Opened 5 years ago
Closed 5 years ago
#1938 closed help (fixed)
POLARIS UKCA run
Reported by: | earhg | Owned by: | um_support |
---|---|---|---|
Component: | UM Model | Keywords: | |
Cc: | Platform: | Other | |
UM Version: | 8.4 |
Description
hi,
I am getting some strange looking errors when trying to run a copy of Grenville's job xidem on POLARIS, my job xmvnm, from PUMA for the first time. The .leave file is attached. They look a bit like they might be related to the POLARIS hand edit, but since I am sourcing Grenville's file I don't see how it could cause an issue. Many thanks for any ideas! Hamish
Attachments (1)
Change History (9)
Changed 5 years ago by earhg
comment:1 Changed 5 years ago by ros
comment:2 Changed 5 years ago by earhg
hi,
Please could someone look at this again? Sorry to be a pain…
many thanks
Hamish
comment:3 Changed 5 years ago by grenville
Hamish
We saw this problem at UM 6.6.3 - the fix at 6.6.3 should work at 8.4.
Please see /home/grenville/um6.6.3/hg6.6.3_polaris_fixes/src/script/control/make_parexe.pl — where I commented out the run through the environment variables, namely
# Now run though the environment and, in alphabetical order
# set the variables in print_array
#foreach $key ( sort keys %ENV ){
# $value = $ENV{$key};
# push @print_array, "$key='$value'\n";
#}
The same code appears in the UM 8.4 script (see https://puma.nerc.ac.uk/trac/UM/browser/UM/branches/dev/grenville/vn8.4_polaris/src/script/control/make_parexe.pl)

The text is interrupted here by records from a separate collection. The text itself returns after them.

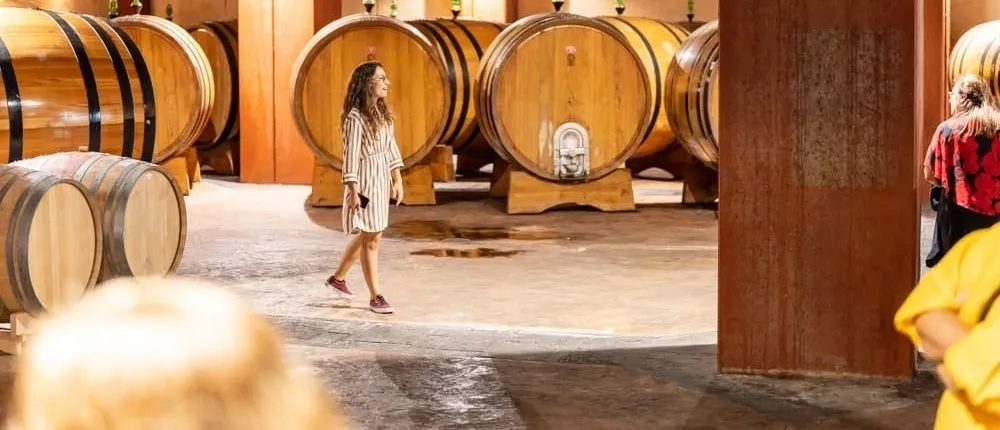 Mount Etna winery tour and tasting experience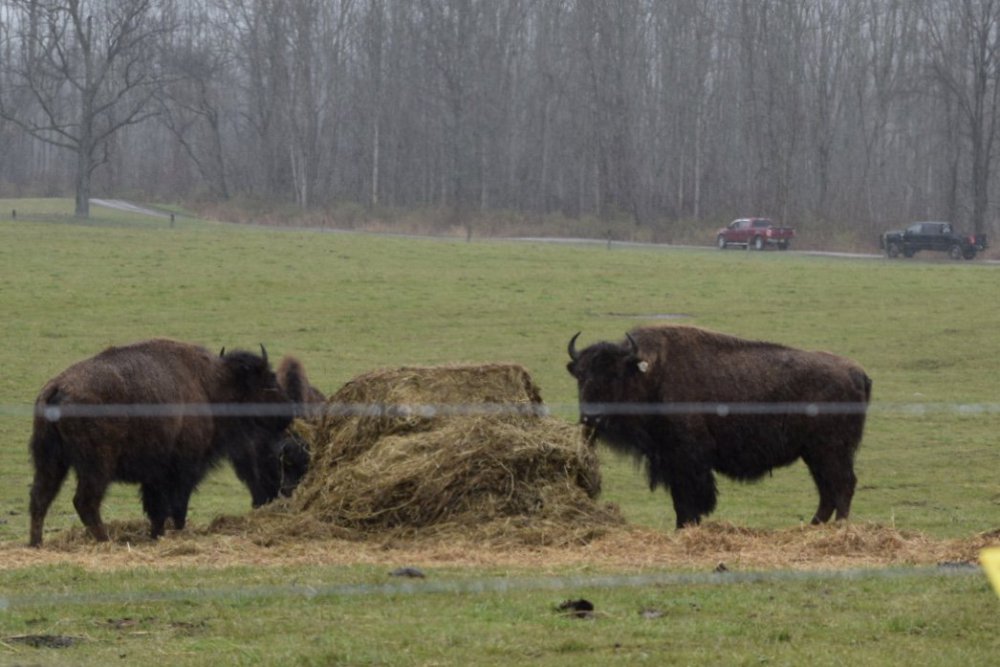 Mud Creek Bison Ranch General Chit Chat Hunting New York NY
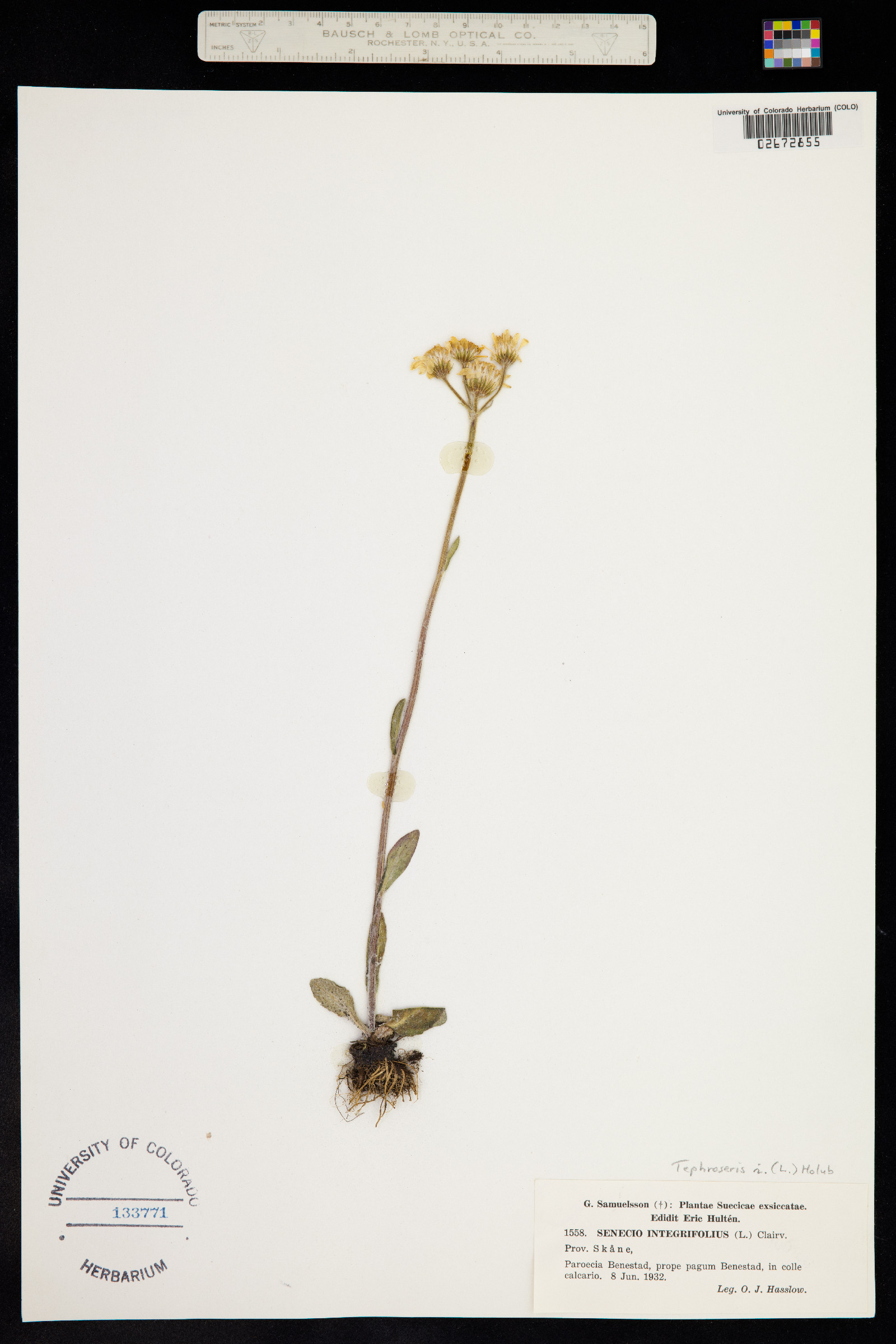 Tephroseris integrifolia image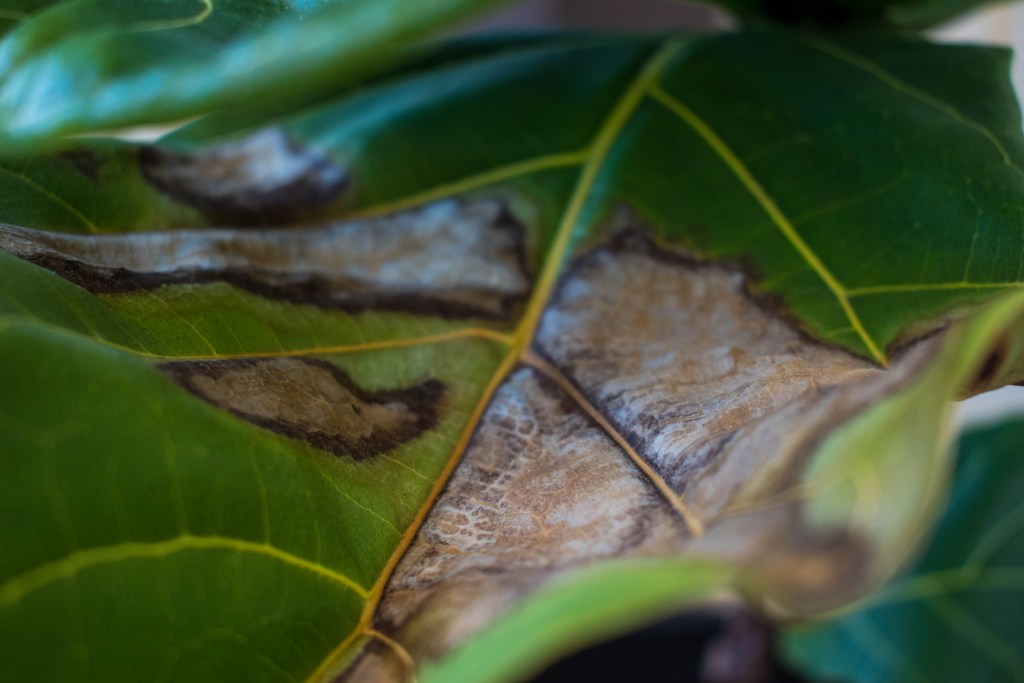 A close-up of a fiddle leaf fig leaf with brown, dry spots from being underwatered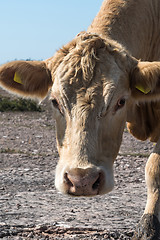 Image showing Curious looking brown cow head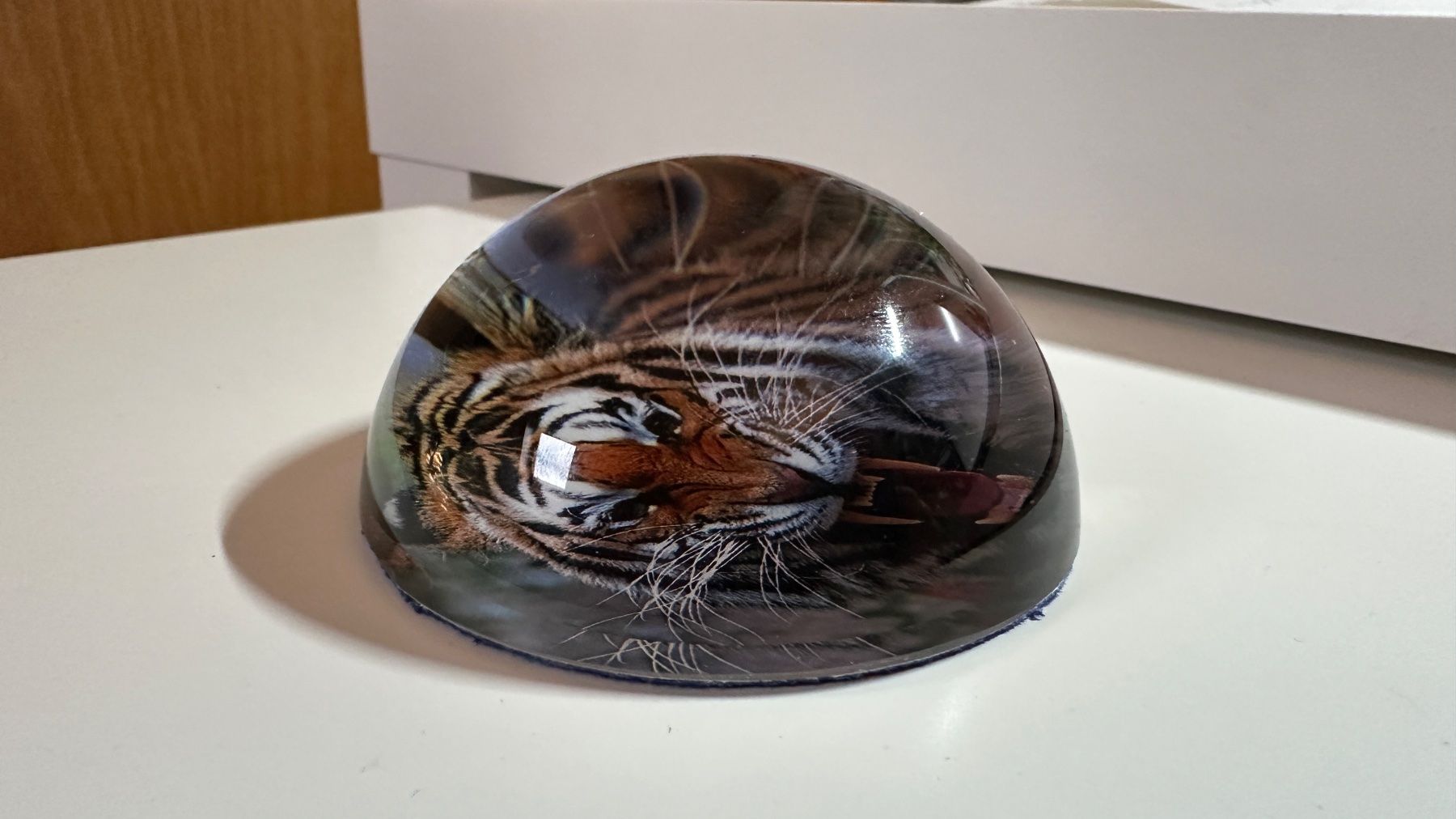 Tutte le decorazioni: Briefbeschwerer mit Tiger NEU OVP – Nuovo e nell'imballaggio originale da Arisdorf venduto da nde_q52j 2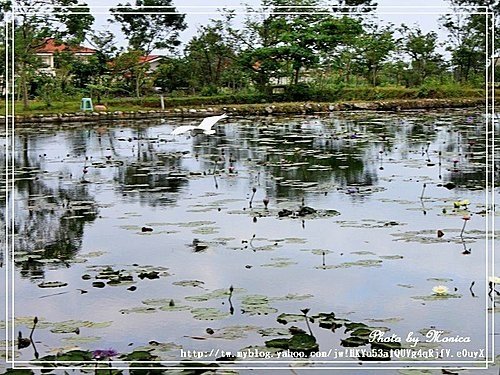 蓮城蓮花園(3).jpg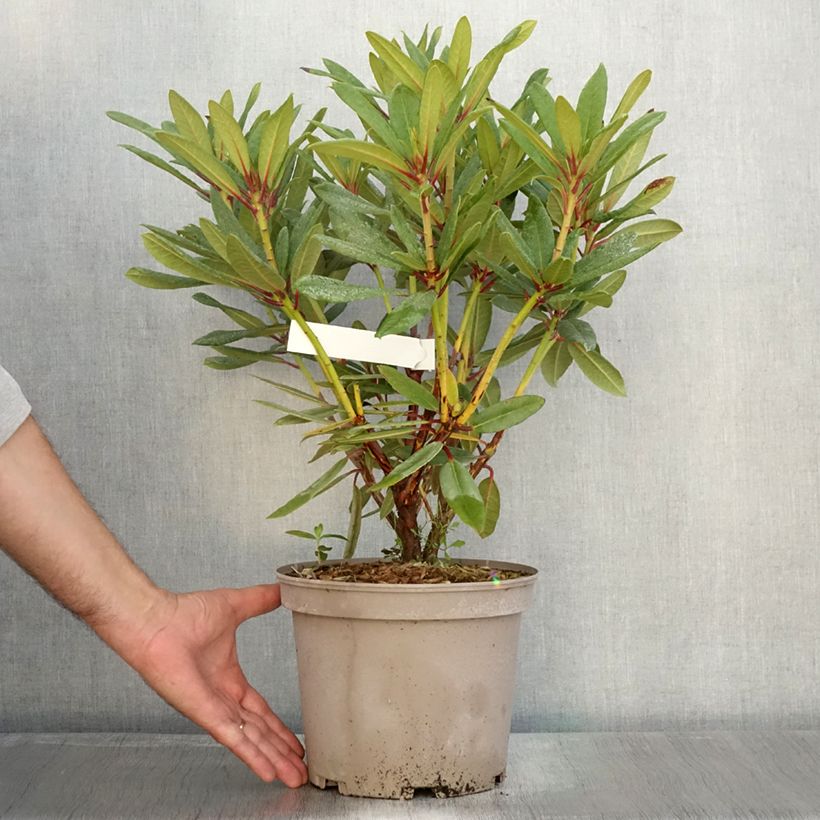 Amostra de Rhododendron Tortoiseshell Orange Vaso de 4 L/5 L tal como entregue no outono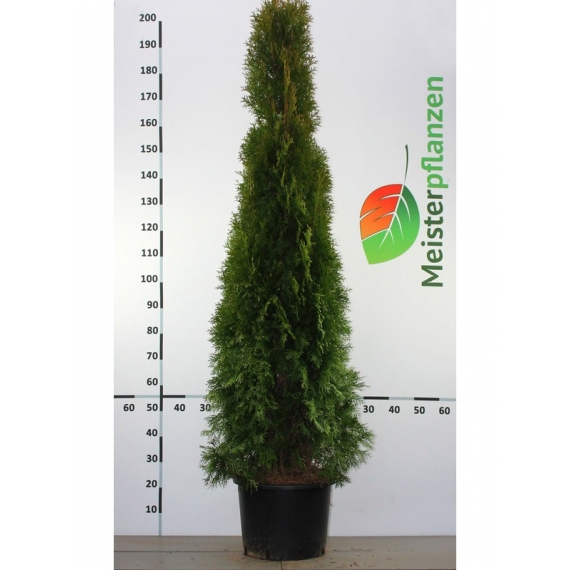 Lebensbaum Thuja Smaragd 160-180 cm im Topf | Heckenpflanze | Gardline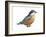 Red-Breasted Nuthatch (Sitta Canadensis), Birds-Encyclopaedia Britannica-Framed Art Print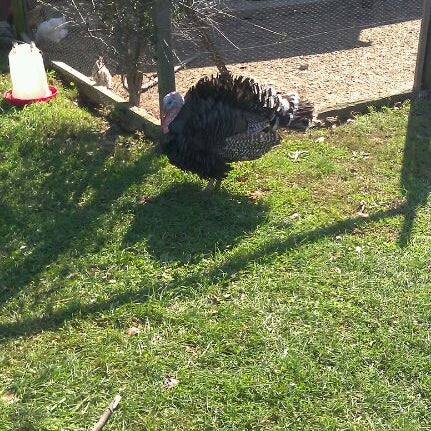 Photo taken at Sprout Creek Farm by Joshua Z. on 10/8/2011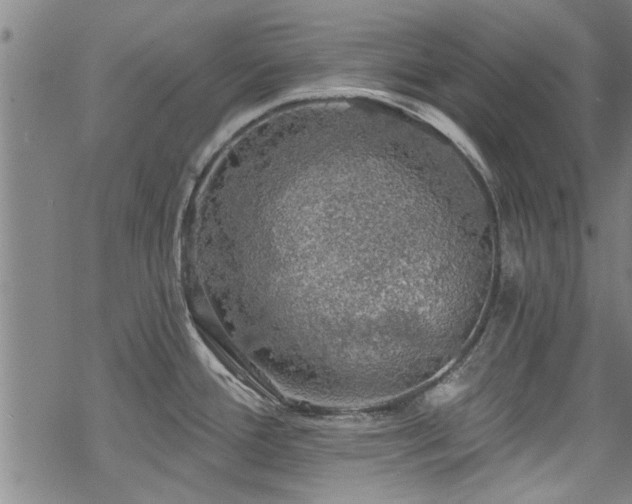 X0000068841388200605051250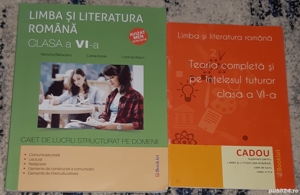 Manuale Culegeri clasa a VI-a - imagine 2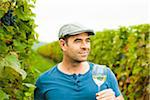 Close-up of vintner standing in vineyard, holding glass of wine and examining quality, Rhineland-Palatinate, Germany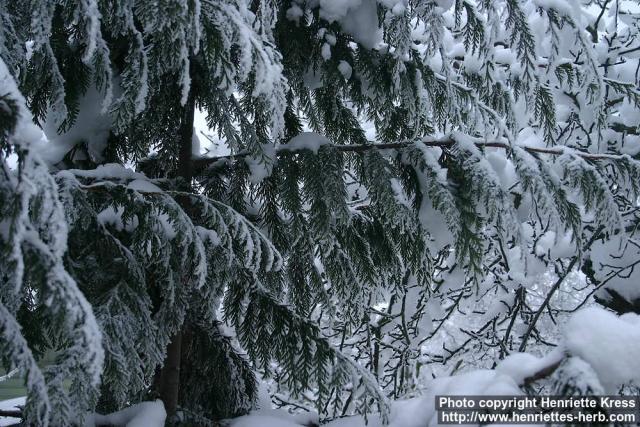 Photo: Thuja plicata 05.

You can test the fix by commenting out the lines in your local copy of make_parexe.pl. (Best to make ea branch subsequently.)
The parexe file is useful for UM hackers but not so much for the rest of us.
Grenville
comment:4 Changed 5 years ago by earhg
hi Grenville,
Thank you very much for looking at this. I swapped in your make_parexe.pl file but the run failed in roughly the same place with the error here:
/nobackup/earhg/xmvnm/umatmos/bin/xmvnm.exe: error while loading shared libraries: libmpi_f90.so.1: cannot open shared object file: No such file or directory
I tried commenting out the set -a command, but it didn't help. The output from three runs today is at /home/ufaserv1_g/earhg/output/xmvnm000.xmvnm.d16236.t104945.leave
Is this the correct Fortran library? module list gives me Currently Loaded Modulefiles:
1) licenses 2) sge 3) bit/64 4) intel/12.1.5.339 5) mvapich2/1.8 6) leeds 7) user
thanks again for your help
Hamish
comment:5 Changed 5 years ago by grenville
Hamish
I'm looking at this - it appears to be a module mismatch. It's been years since we installed 8.4 on Polaris (it's not been used since as far as I know), so it's not surprising that there are some snags.
Grenville
comment:6 Changed 5 years ago by grenville
Hamish
I have changed the hand edit polaris_8.4.1 so that it loads the latest mvapich2, and rebuilt gcom for consistency. Doing this worked for my job xidem.
Please do a full rebuild (make sure the modification to parexe.pl you did earlier is there).
I have not rebuilt other gcoms for different mpi implementations, so please try to stick with mvapich2. We can rebuild the others if needed.
Grenville
comment:7 Changed 5 years ago by earhg
hi Grenville,
Thank you very much for this - I did as you suggested and the job completed nicely just now.
Hopefully it will work just as well when I try to run my customised jobs.
best
Hamish
comment:8 Changed 5 years ago by grenville
- Resolution set to fixed
- Status changed from new to closed
Hi Hamish,
I know there has always been something odd with parexe on Polaris, which Grenville managed to fix with some script changes/hand-edits. Unfortunately Grenville is out of the office for another week. I will take a look and see if I can track it down, but it might have to wait until he returns.
Regards,
Ros.